Sanayi üretiminin ana ham maddelerinden biri olan metaller, endüstri için olduğu kadar finansal piyasalarda da önemli bir yere sahip. Alüminyum, bakır, kurşun, nikel, kalay, çinko, çelik ve demir fiyatları konusunda dünyada iki önemli borsa bulunuyor: Şangay Türev İşlemler Borsası (SHFE) ve Londra Metal Borsası (LME). SHFE daha kapalı bir borsa görünümündeyken, 1877’de kurulan LME ise küresel ölçekte metal fiyatlarının belirlendiği yer olarak yatırımcılar ve imalatçıların en çok takip ettiği veri merkezi olarak dikkat çekiyor.

Dünya metal endüstrisinin büyük bir kısmı maliyetlerini koruma altına almak için LME’yi kullanıyor. LME’de, aralarında alüminyum, bakır, çelik, kurşun ve kalayın da olduğu 15 metal işlem görürken, borsanın ortalama yıllık işlem hacmi 3,5 milyar ton, 12,7 trilyon dolar ve 157 milyon lota yakındır. Dünyanın en iyi metal piyasası olması ve metal piyasasının yüzde 80’den fazlası tarafından referans fiyat olarak alınması nedeniyle rakipsiz bir borsa sistemine sahip LME’de, diğer türev işlemler borsalarından farklı olarak aylık ve üç aylık kontratlar yerine her gün için ayrı bir kontrat açılabiliyor.
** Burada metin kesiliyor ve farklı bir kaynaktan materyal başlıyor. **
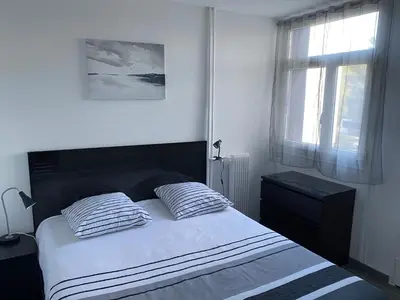 a bedroom with a bed with two pillows and a window at Appartement proche centre ville in Aix-en-Provence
Bu özelliği ile türev işlemlerden daha çok vadeli işlem (Forward) piyasasına benzeyen LME’de en aktif kontratlar ise üç aylık kontratlar ve işlem yapılan günden üç ay sonrası valör ile işlem yapılıyor. LME’de ayrıca, Londra saati ile 1.00 ile 19.00 saatleri arasında elektronik olarak işlem yapmak da mümkün. Peki LME, makine ihracatçıları için neden önemli? Çünkü ihracat için dünyada oluşan ham madde fiyatlarını bilmek ve bu fiyatların gelecek seyirlerini öngörmek, maliyetlerin belirlenmesi açısından da hayati önem taşıyor. Son olarak, ihracatçılar, üretim için elbette sadece ana ham maddeleri olan metallerin fiyatları ve ilişkili endeksleri, üretim ve satın alma gruplarıyla ilişkili özellikle enerji, kauçuk/plastik ve hizmet fiyatlarını ve ilişkili endeksleri de yakından takip etmeli. ABD’nin AB ve Çin ile sürdürdüğü küresel ticaret savaşlarının etkisiyle hızlı dalgalanmaların beklendiği emtia fiyat endekslerinin takibi, ihracatçıların maliyet hesaplamalarında güncelliği yakalamak adına önem arz ediyor.